Unfortunately, it isn’t nearly so simple in the real world. Instead, many agencies hide their GTFS behind a “clickwrap” license, or even require a login to download the feed. In a few particularly bad cases, developers even have to sign an agreement and return it (on paper) to get access to a feed. Some agencies don’t host their own feeds at all, instead depending on sites like the GTFS Data Exchange.

So, what are some best practices for hosting GTFS feeds?

  • Don’t rely on third parties: Think of this in terms of paper maps and schedules. How would riders feel if a transit agency told them to pick up transit maps and timetables not at the agency’s offices or stations, but rather some unrelated third party? If a transit agency has a Web site (as almost all do), then it should be capable of hosting its own GTFS feed. Sure, some agencies will complain about what their content management system “won’t let them do”, or complain that they must go through some arduous process to upload new content, but in 2014 running a Web site is a basic competency for almost any organization. Depending on a third-party site introduces additional risk and additional points of failure.
  • Help developers discover feeds: Developers shouldn’t have to hunt for GTFS feeds–there should be a prominent link on every agency’s homepage. Bonus points for participating in any applicable data catalogs, like these operated by ODOT and MassDOT for agencies in their respective states.
  • No login, no clickwrap: GTFS feeds should be downloadable by any Internet user, without having to log in or accept a license agreement. This is a must-have for being able to automate downloads of updated GTFS feeds, an essential part of any large-scale passenger information system. Don’t make it needlessly hard for developers to use your GTFS feed – if you can’t download it with wget, then you’re just making work for feed users. The only piece of information a developer should need to know to use an agency’s GTFS feed is the URL—a clean, simple URL like http://www.bart.gov/dev/schedules/google_transit.zip.
  • Support conditional HTTP GET: GTFS feeds rarely change every day, but it’s still important to get updates as soon as they’re available. But downloading a large feed (some can be 20 MB or more) every day is wasteful. So how can feed consumers stay up-to-date without wasting a lot of bandwidth? Feed producers should support conditional HTTP GET, using either the ETag or Last-Modified headers.
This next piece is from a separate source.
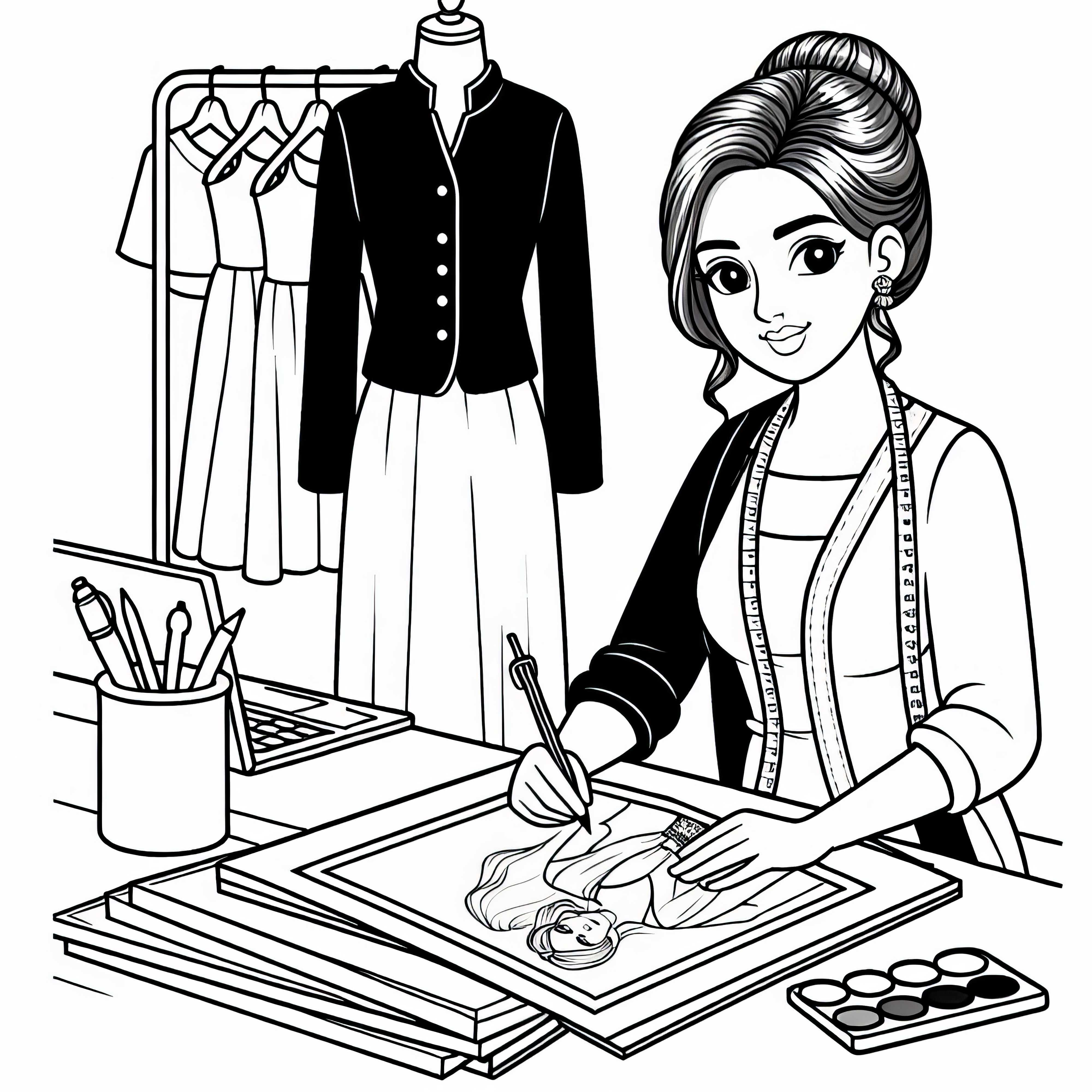 Free Fashion Designer Coloring Page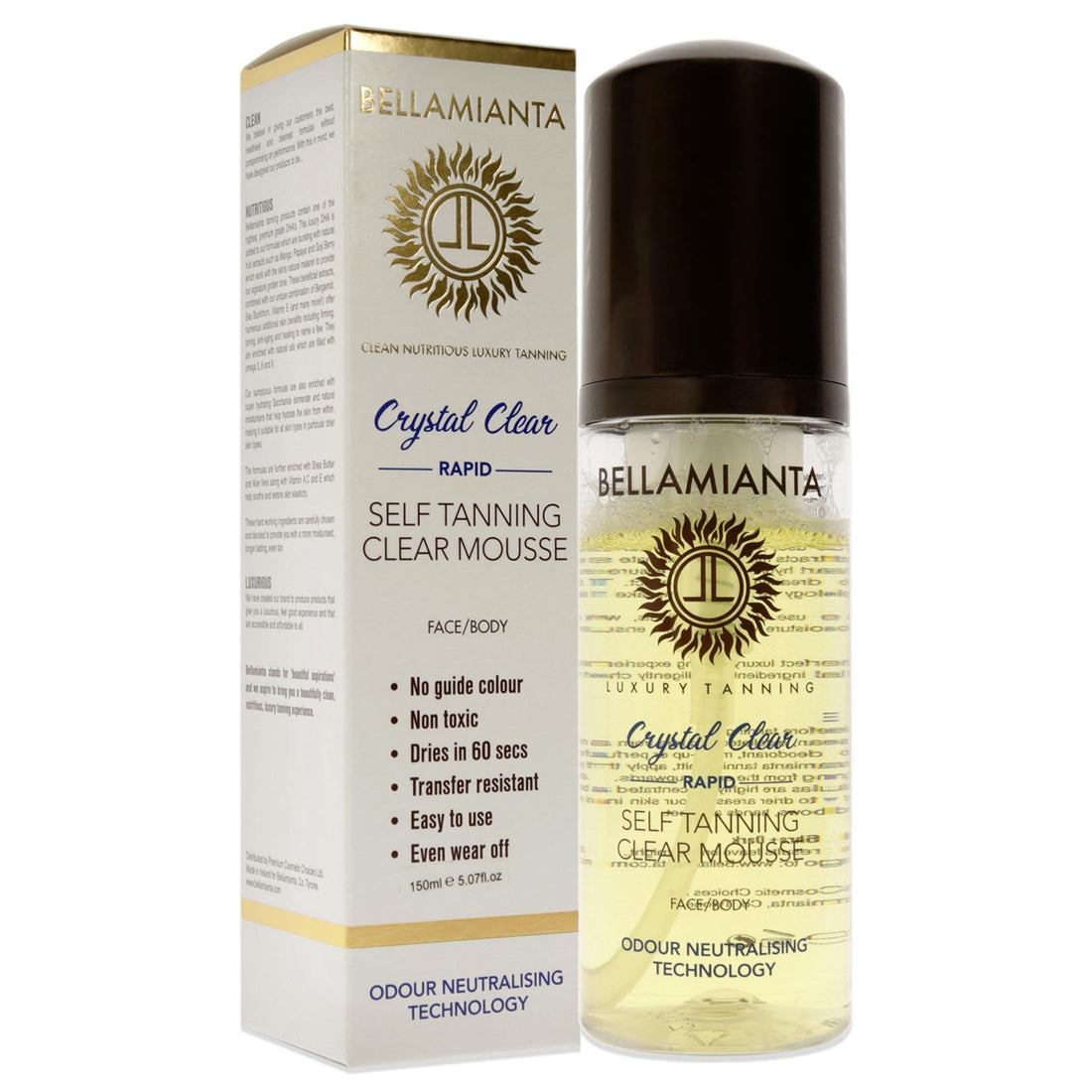 Rapid Self-Tanning Mousse - Crystal Clear by Bellamianta for Women - 5.07 oz Bronzer (I0110301)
Agencies may balk at some of these recommendations—”But we have to track usage of the feed! But we have to have a signed license agreement!”—but the simple fact is that there are plenty of agencies that get it right. There are plenty of agencies that use a simple, reasonable license, and plenty of agencies that host their GTFS at a stable URL that supports automated downloads. If you demand a signed license agreement, or make developers log in to access the feed, you make it harder for developers to use your data. When you make it hard for developers to use your data in their apps, you make it harder for transit riders to get service information, because many riders’ first stop when they need transit information is a third-party smartphone app.